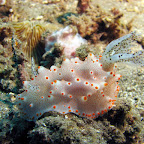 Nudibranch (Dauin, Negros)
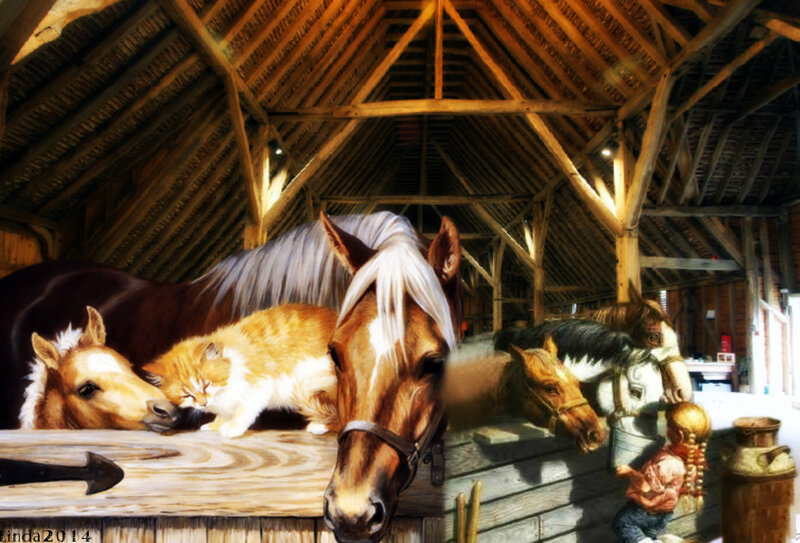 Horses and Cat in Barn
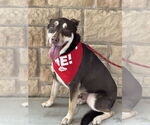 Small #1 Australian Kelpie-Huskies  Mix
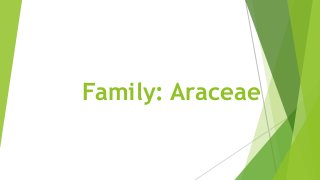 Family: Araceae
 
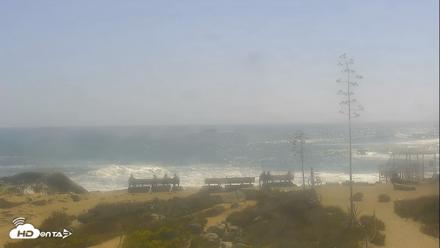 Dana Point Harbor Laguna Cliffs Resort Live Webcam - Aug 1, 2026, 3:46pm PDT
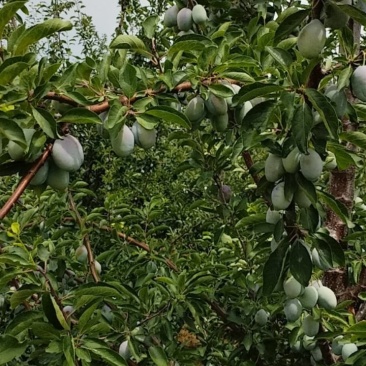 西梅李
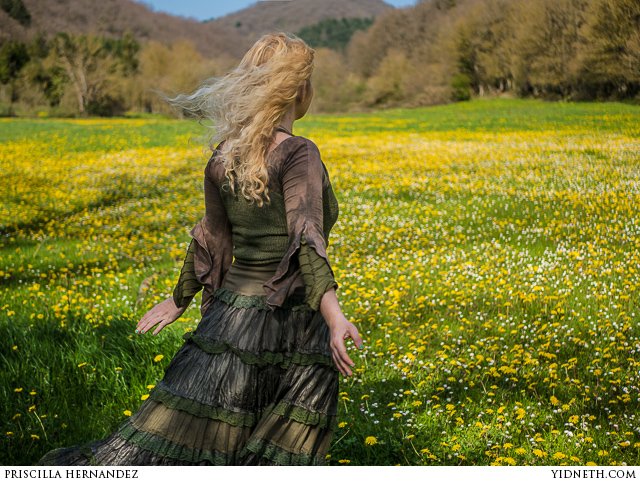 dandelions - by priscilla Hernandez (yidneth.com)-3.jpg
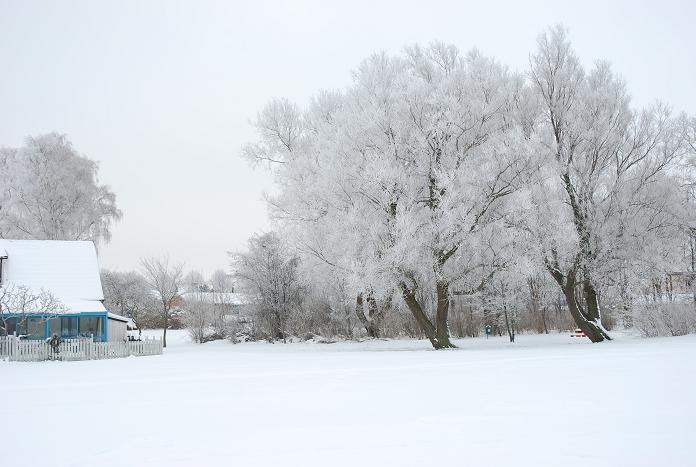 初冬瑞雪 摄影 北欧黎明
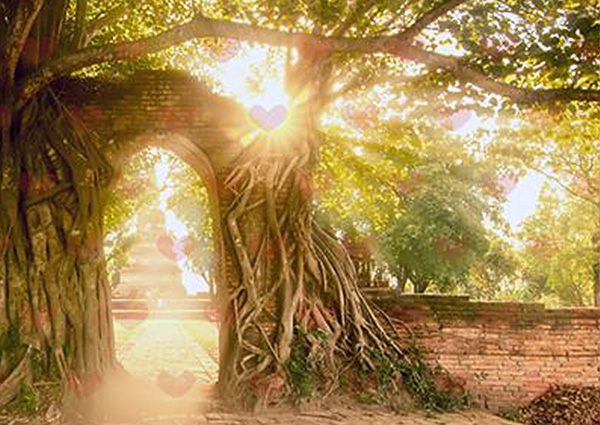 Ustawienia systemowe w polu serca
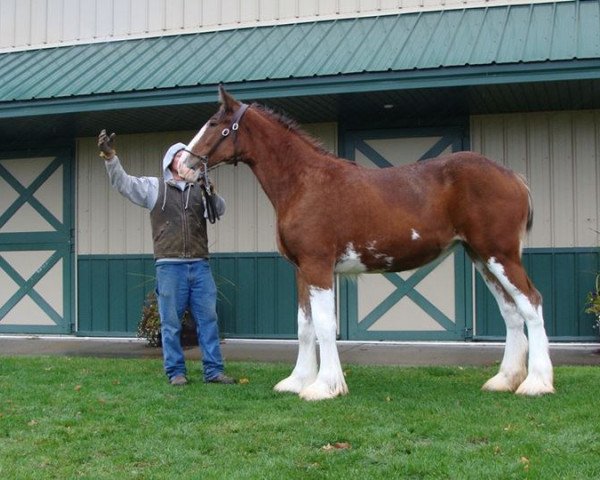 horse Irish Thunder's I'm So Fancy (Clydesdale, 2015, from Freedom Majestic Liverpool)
○ ○ ○ ○ ○
• _Exercise instructions_: Beginning at the line with "Dana Point Harbor", reproduce each line exactly through the last line of the records above, with pictures left out.

• _Answer section_:
 Dana Point Harbor Laguna Cliffs Resort Live Webcam - Aug 1, 2026, 3:46pm PDT
 西梅李
 dandelions - by priscilla Hernandez (yidneth.com)-3.jpg
 初冬瑞雪 摄影 北欧黎明
 Ustawienia systemowe w polu serca
 horse Irish Thunder's I'm So Fancy (Clydesdale, 2015, from Freedom Majestic Liverpool)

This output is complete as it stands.